→ **SUPPLIED DATA**:
####
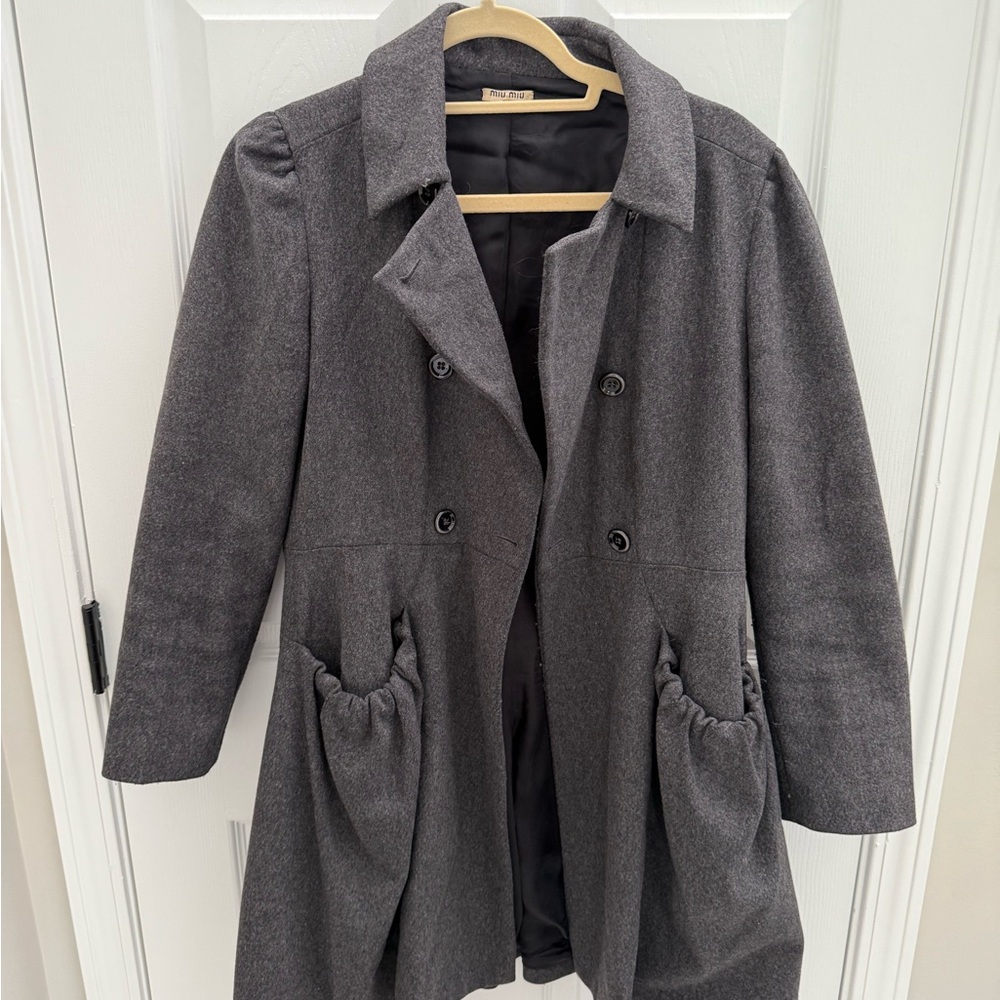 Miu Miu Gray Trench Coat Classic Tailored Design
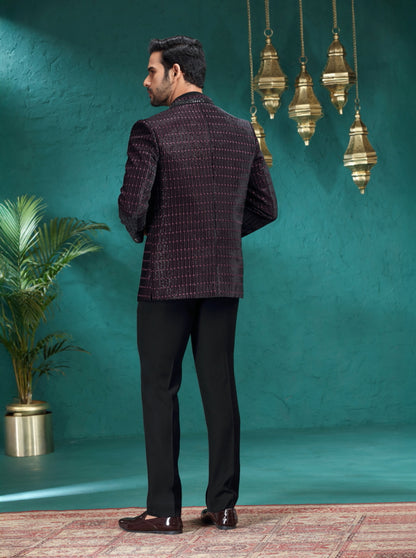Maroon Embroidered Jodhpuri Suit | JadeBlue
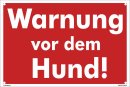 B-Ware: Warnung vor dem Hund Schild 20x30 cm gelocht -...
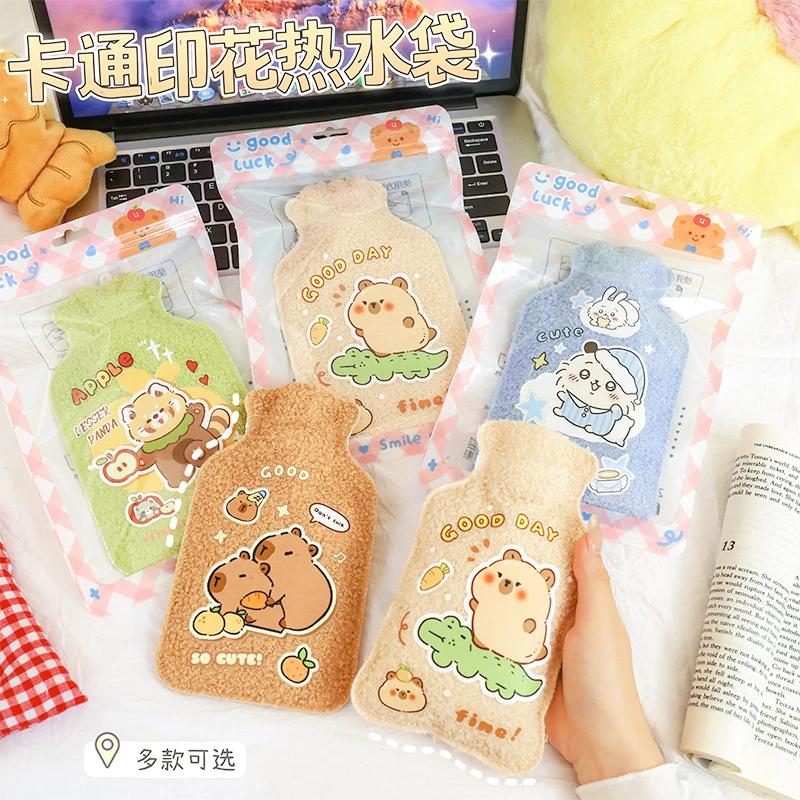 冬季毛绒卡通热水袋学生可爱暖手宝灌水注水暖水袋暖宝宝热水袋套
####
→ **WHAT IS EXPECTED**:
Starting at the line that holds "B-Ware: Warnung vor" and stopping at the last line of the listing above, write out each line exactly as it appears, and omit the pictures.

→ **RESPONSE AREA**:
 B-Ware: Warnung vor dem Hund Schild 20x30 cm gelocht -...
 冬季毛绒卡通热水袋学生可爱暖手宝灌水注水暖水袋暖宝宝热水袋套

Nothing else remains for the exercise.